Your goal: Below are entries; repeat exactly, and nothing else, the lines from the one holding "Now the aseptic" through the one holding "There's also color.secondary, which", inclusive. Leave the pictures out.

Input data:

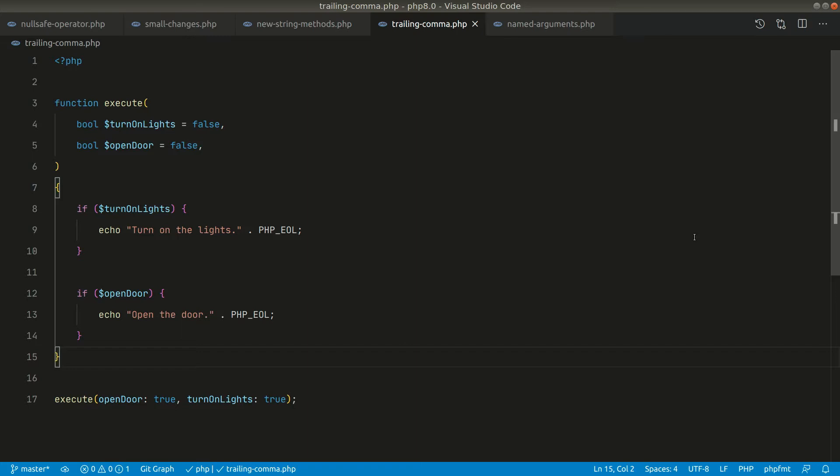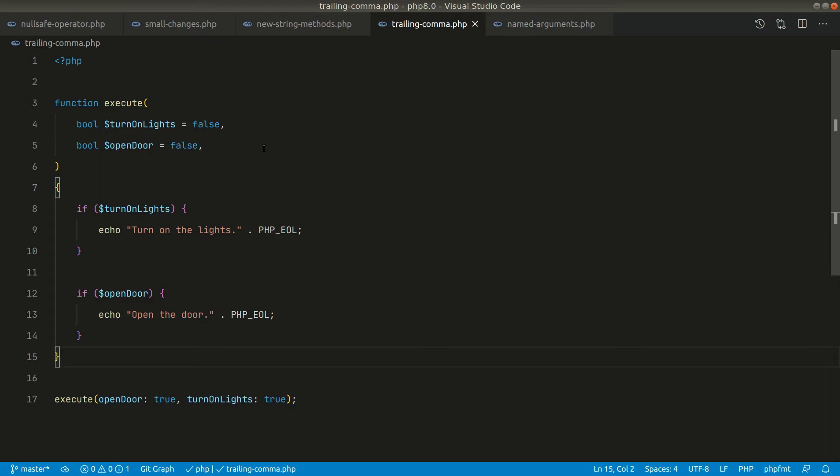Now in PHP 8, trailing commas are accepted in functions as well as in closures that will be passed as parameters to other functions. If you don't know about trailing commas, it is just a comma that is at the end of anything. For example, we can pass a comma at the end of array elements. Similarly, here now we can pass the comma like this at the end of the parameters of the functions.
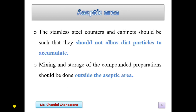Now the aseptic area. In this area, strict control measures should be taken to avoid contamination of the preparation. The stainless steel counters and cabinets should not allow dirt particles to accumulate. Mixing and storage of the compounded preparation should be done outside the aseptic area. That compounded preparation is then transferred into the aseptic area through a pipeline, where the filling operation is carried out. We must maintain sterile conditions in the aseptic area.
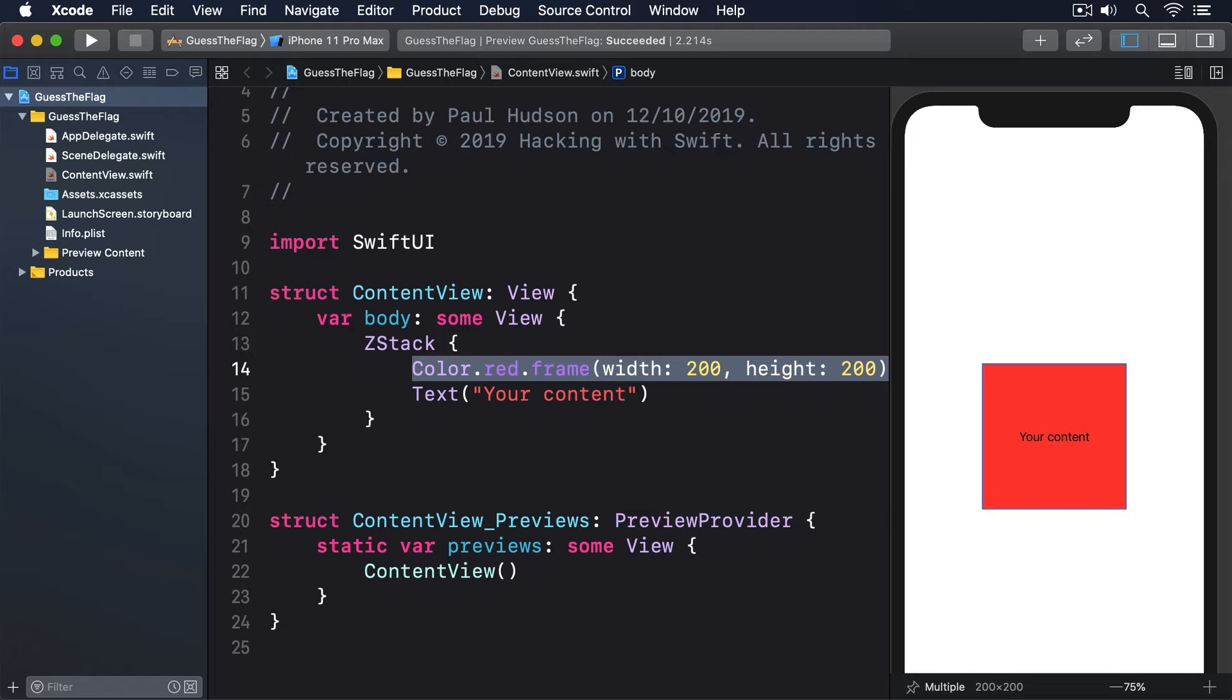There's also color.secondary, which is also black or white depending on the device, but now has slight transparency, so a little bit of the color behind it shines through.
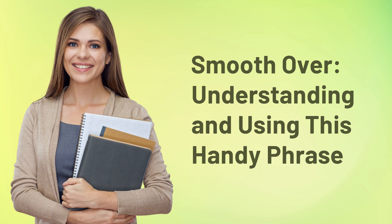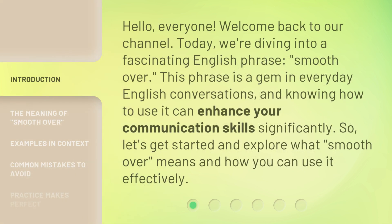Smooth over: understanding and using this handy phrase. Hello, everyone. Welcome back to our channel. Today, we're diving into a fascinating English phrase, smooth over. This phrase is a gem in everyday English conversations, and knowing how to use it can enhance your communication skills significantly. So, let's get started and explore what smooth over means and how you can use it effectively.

...

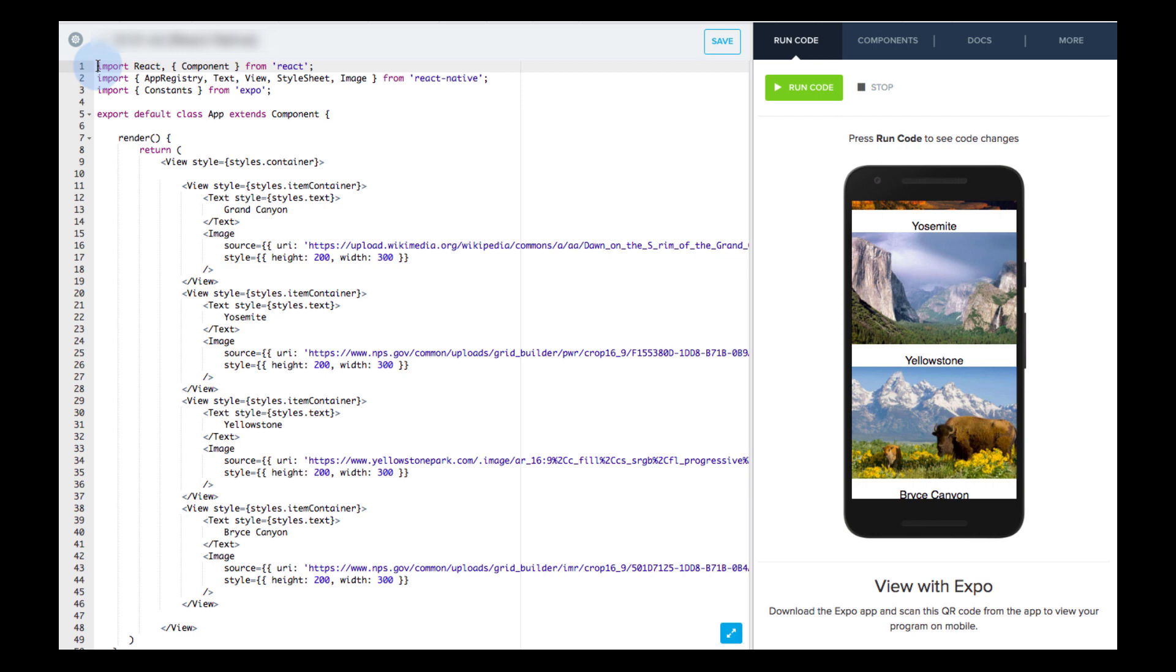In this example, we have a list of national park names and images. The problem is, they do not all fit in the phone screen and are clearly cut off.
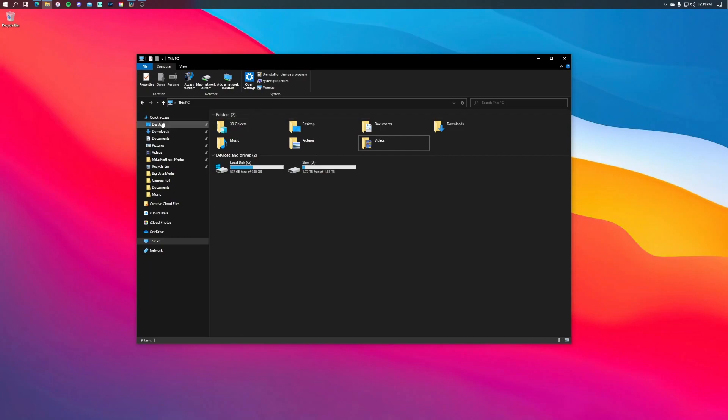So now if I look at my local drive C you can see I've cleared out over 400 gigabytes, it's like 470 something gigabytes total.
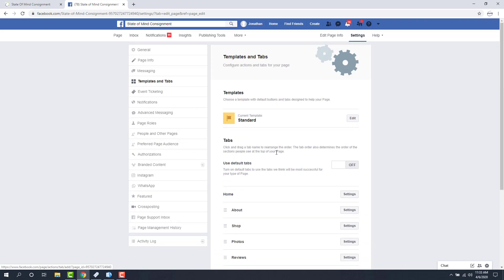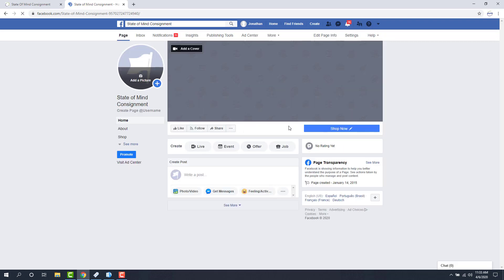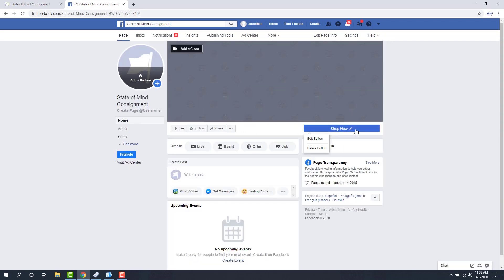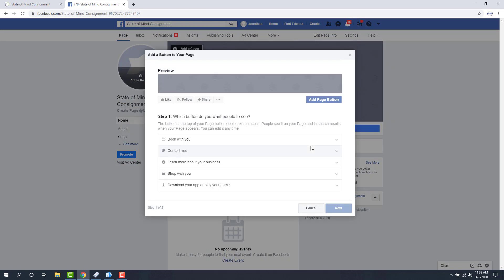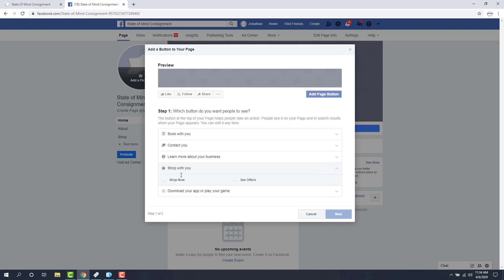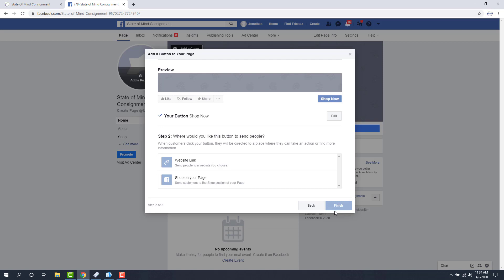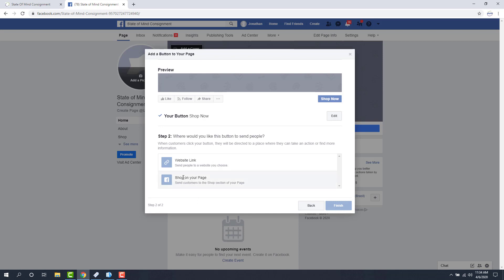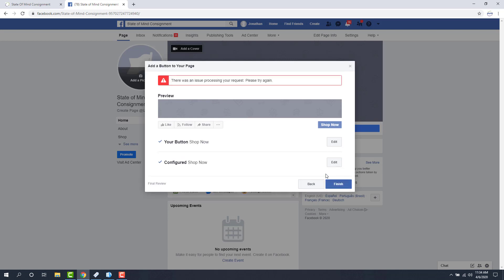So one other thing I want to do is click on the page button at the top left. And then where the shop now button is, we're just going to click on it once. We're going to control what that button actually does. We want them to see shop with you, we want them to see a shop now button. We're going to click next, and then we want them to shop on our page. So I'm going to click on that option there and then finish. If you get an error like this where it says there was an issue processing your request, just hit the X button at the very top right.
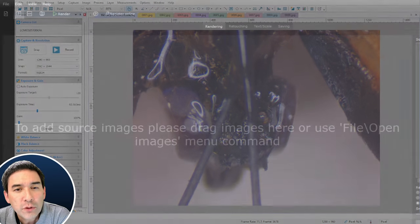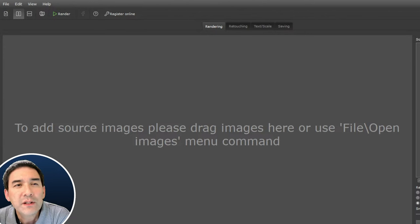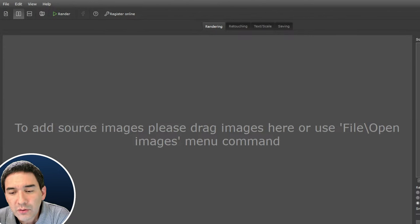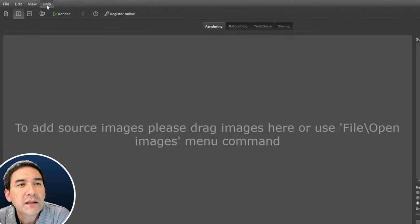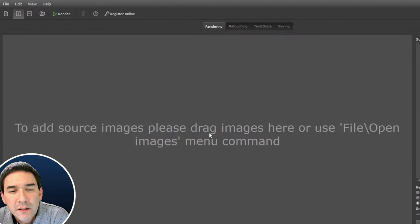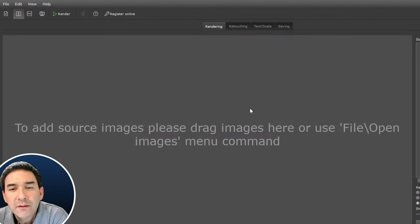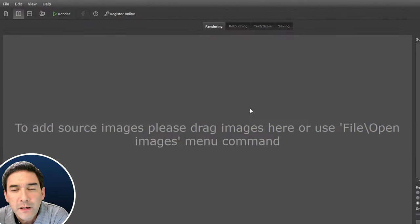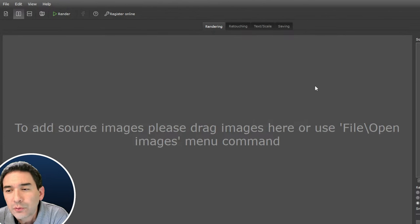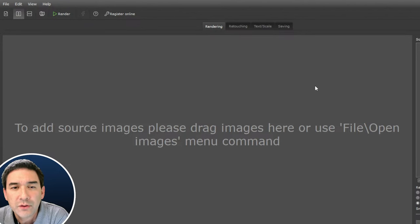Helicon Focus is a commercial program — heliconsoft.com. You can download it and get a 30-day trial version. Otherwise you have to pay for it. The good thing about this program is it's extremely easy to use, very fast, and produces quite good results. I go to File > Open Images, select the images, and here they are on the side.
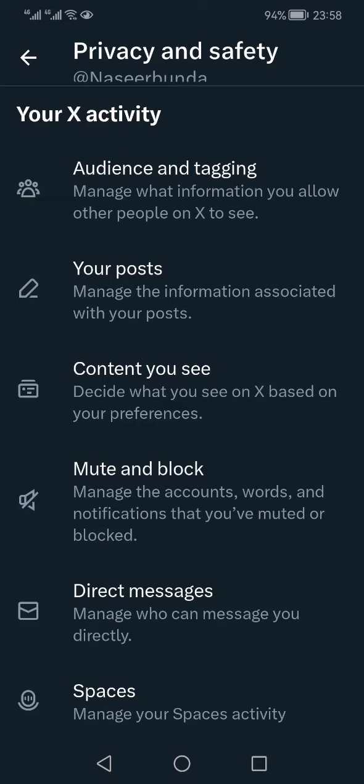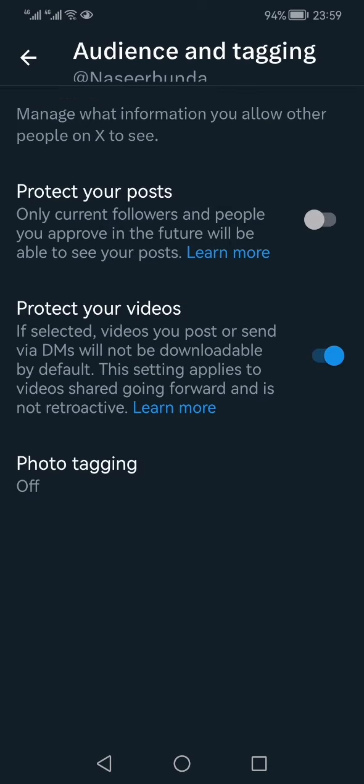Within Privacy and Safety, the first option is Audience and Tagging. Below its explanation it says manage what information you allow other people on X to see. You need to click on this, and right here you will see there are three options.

Response area:
Now the aseptic area. In this area, strict control measures should be taken to avoid contamination of the preparation. The stainless steel counters and cabinets should not allow dirt particles to accumulate. Mixing and storage of the compounded preparation should be done outside the aseptic area. That compounded preparation is then transferred into the aseptic area through a pipeline, where the filling operation is carried out. We must maintain sterile conditions in the aseptic area.
There's also color.secondary, which is also black or white depending on the device, but now has slight transparency, so a little bit of the color behind it shines through.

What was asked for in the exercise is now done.